Milton Braun, o gaúcho do Passaporte

Edberto Ticianeli – jornalista
Não lembro o dia nem o mês, mas foi numa manhã de 1973 que o gaúcho Milton Braun me procurou lá no bairro Ponta Grossa, onde tínhamos uma oficina de consertos de fogões. Já o tinha visto algumas vezes no Frigorífico Norte Carnes, instalado na Rua da Assembleia e pertencente a outro gaúcho de nome Clóvis, com quem pretendia montar uma fábrica de embutidos em Maceió.
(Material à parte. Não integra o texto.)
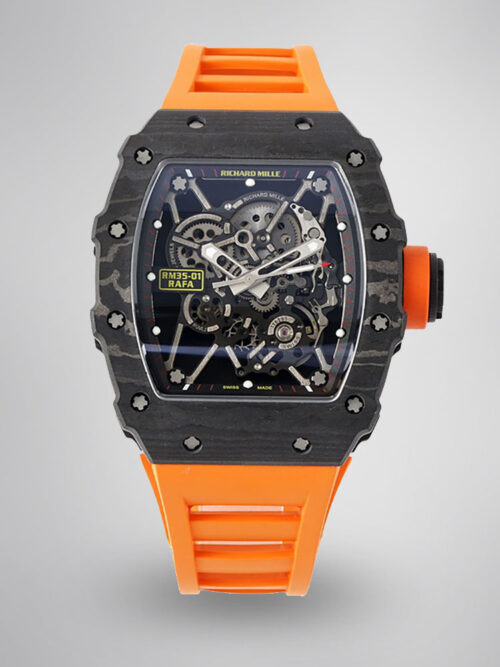 0132f377cdc9dc4f2e6584a9a72372f3.jpg Swiss Super Clone Richard Mille RM 35-01 with NTPT Carbon Fiber Case, Orange Silicone Strap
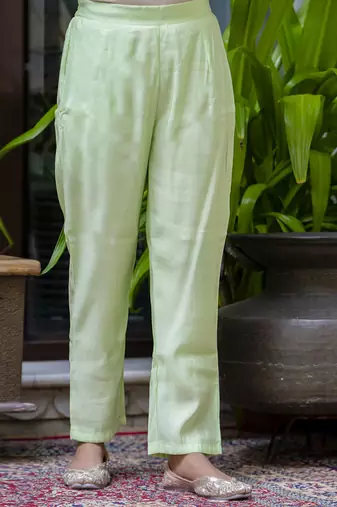Silk blend light green occasional wear embroidery work kurta set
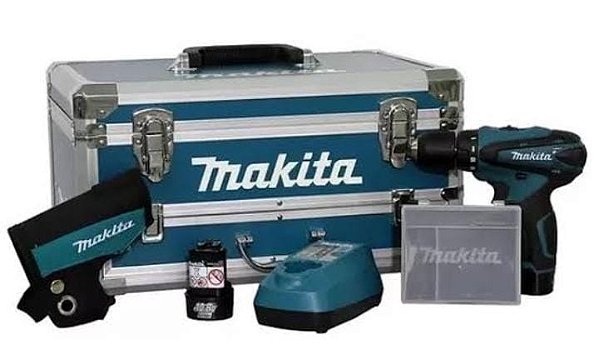 KIT PARAFUSADEIRA A BATERIA 12V C/ ACESSORIOS E MALETA ALUM. MAKITA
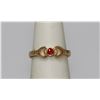 Image 1 : 14K GOLD PLATED RED CZ HEART RING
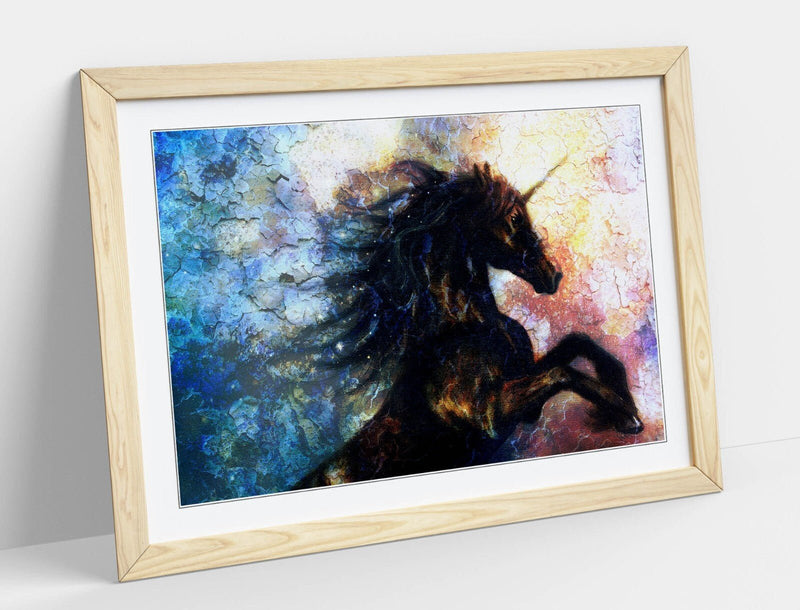 Unicorn Wall Art – Black Shadow Multi Colour Framed Poster Print, Handmade UK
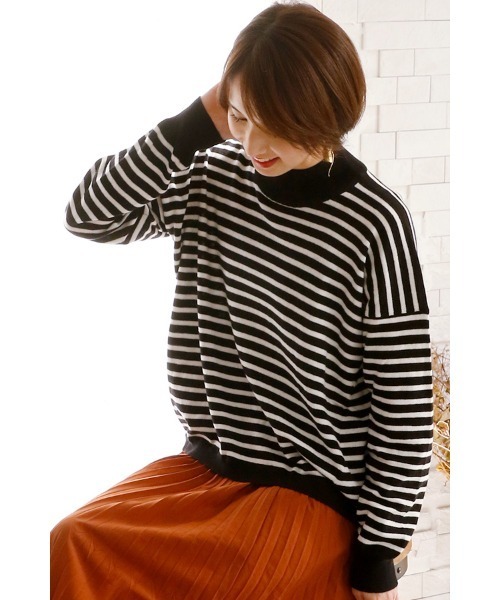 セール】ボーダータートルニット（ニット/セーター）｜ElegChic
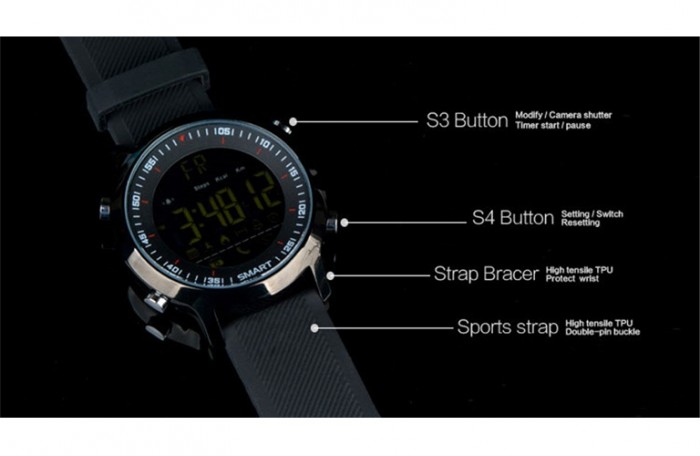 Đồng hồ thông minh chống nước Android iPhone đi bơi smart watch Đen dây da5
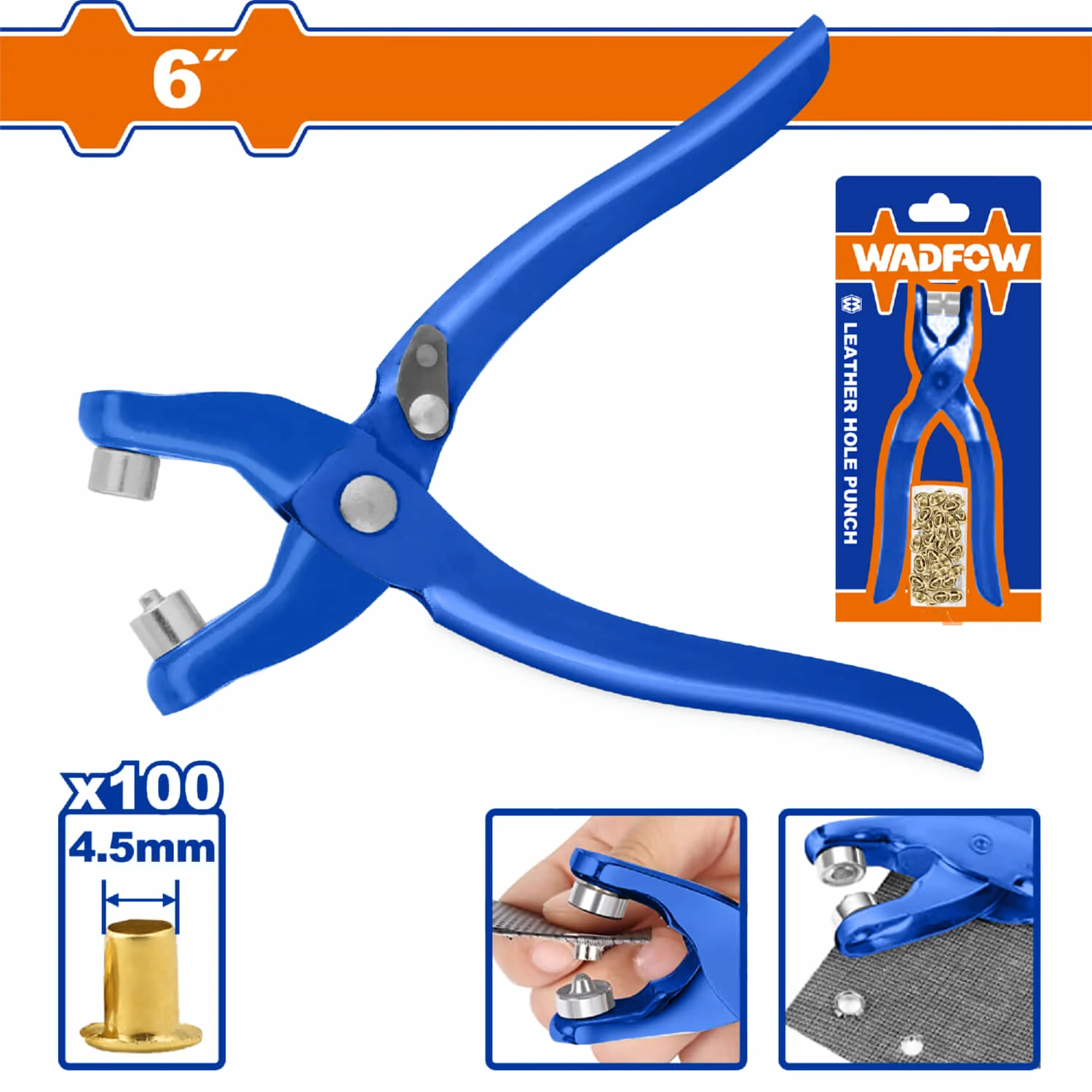 Alicate Para Ojales 6" Diámetro 4.5Mm Incluye Accesorios. Idel Para Tela, Cuero, Lona Y Plástico. Pinza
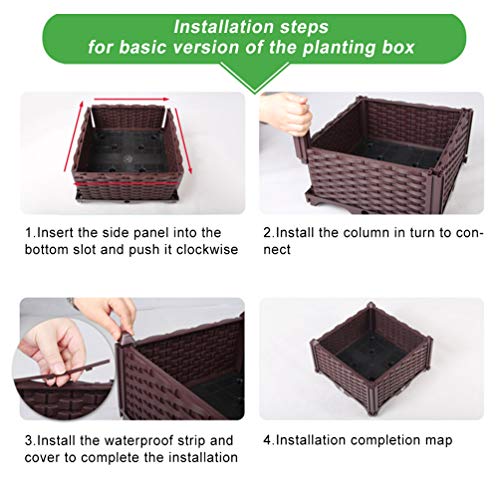 BAOYOUNI,Rechteckig Angehoben Garten Bett Kit Innen Outdoorbereich Kunststoff Pflanzgefäß Grow Box für frisches Gemüse… – Bild 7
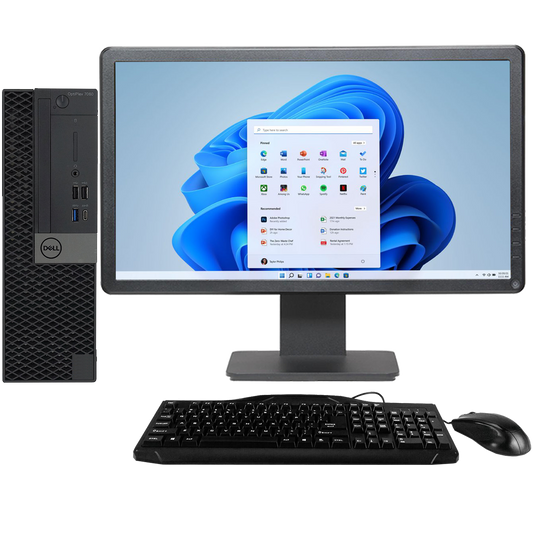 Dell OptiPlex GX7060 Intel i7, 8th Gen SFF Desktop PC with 20" Monitor Desktop Computers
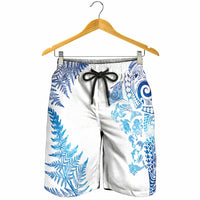 New Zealand Sea Animals Shorts for Men with Maori Koru Tribal Tattoo and Silver Ferns Galaxy Style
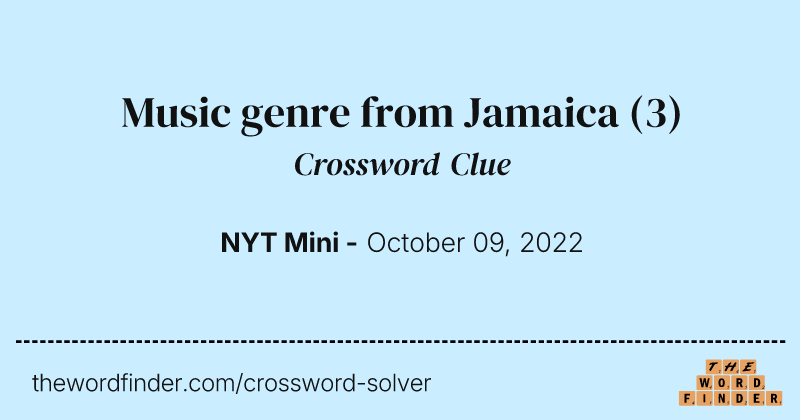 Music genre from Jamaica crossword clue image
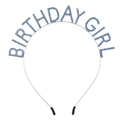 Silver birthday girl headband with sparkling light blue rhinestones for women - Light Blue (with Silicone Cover)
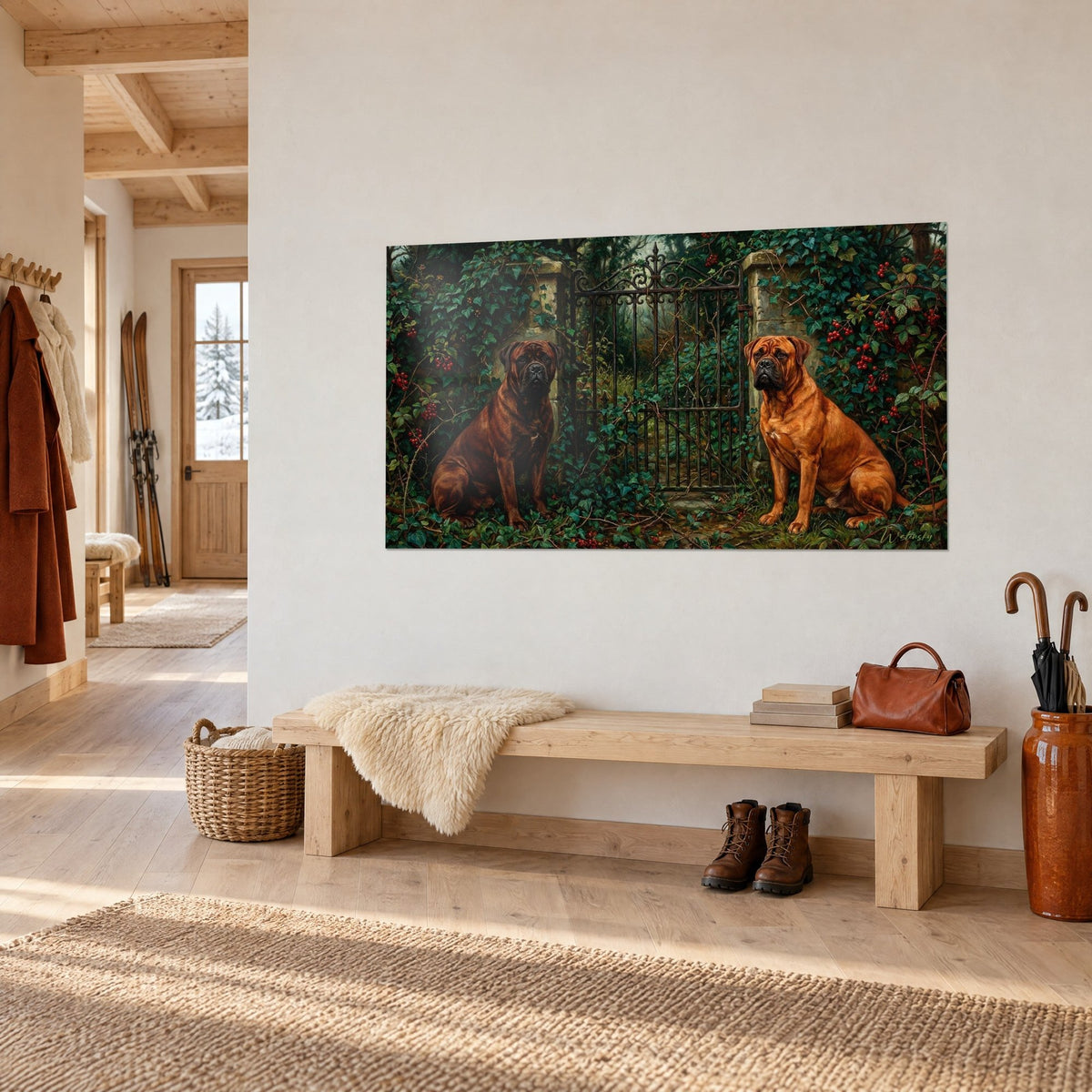 Tableau chiens de garde fauve et acajou flanquant une grille en fer forgé, murs de pierre, banc de bois au chalet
Era esse seu objetivo quando aqui chegou em 1971, com sua esposa Laci de Lourdes Braun e sua filha Maria Cristina Braun.
Consegui saber que ele era natural de Bom Retiro Sul, Rio Grande do Sul, e que fora comerciante em Porto Alegre. Tinha um açougue. Era filho de José Carlos Braun e de Nelma Maria Braun. Casou-se em 1961. Sua companheira, D. Laci, é filha de Antonio Mathias Cardoso e de Juventina Maria Cardoso.
O projeto da fábrica de embutidos não prosperou e Milton resolveu montar uma lanchonete num pequeno reboque estacionado sobre a calçada da Av. da Paz, em frente ao Clube Fênix Alagoana.
Na manhã do dia em que pretendia inaugurá-lo, uma vistoria do Corpo de Bombeiros encontrou problemas na instalação dos quatro ou cinco pequenos fogões de acampamento dentro do trailer. Enquanto não atendesse o exigido pelas normas de segurança, não receberia o Alvará de funcionamento.
Foi essa a razão dele ter me procurado naquele dia. Fui até o local e constatei que realmente o que ali existia comprometia a segurança do empreendimento. Propus que interligássemos os vários fogões por canos de cobre, alimentados por um botijão maior colocado do lado de fora, eliminando assim os pequenos botijões de dentro da instalação.
Passei o dia trabalhando nos flangeamentos dos canos de cobre e fazendo as adaptações para as conexões. Consegui terminar uma hora antes do retorno da vistoria dos Bombeiros, perto das 16h. Mostrei que estava tudo funcionando e me dispus a ir embora, alegando que estava com fome por não ter almoçado.
Temendo que ainda poderia precisar da minha intervenção diante algum problema identificado pela fiscalização, Milton me pediu para ficar até a liberação do Alvará, que seria às 17h. Felizmente, os Bombeiros vieram e não encontraram nada de anormal. Com a autorização nas mãos, ele mandou acender os fogões para aquecer a água que mantinha os pães e os demais ingredientes na temperatura e umidade corretas.
Alguns minutos depois, orientou os seus funcionários a produzirem o primeiro Passaporte. Saiu um de galinha, que me foi entregue como prêmio por ter esperado até aquela hora sem almoçar. Gostei tanto que voltei dias e anos seguidos a frequentar o Passaporte Gaúcho na Av. da Paz. Aliás, faço isso até os dias atuais, sempre optando pelo de galinha, sem salsicha.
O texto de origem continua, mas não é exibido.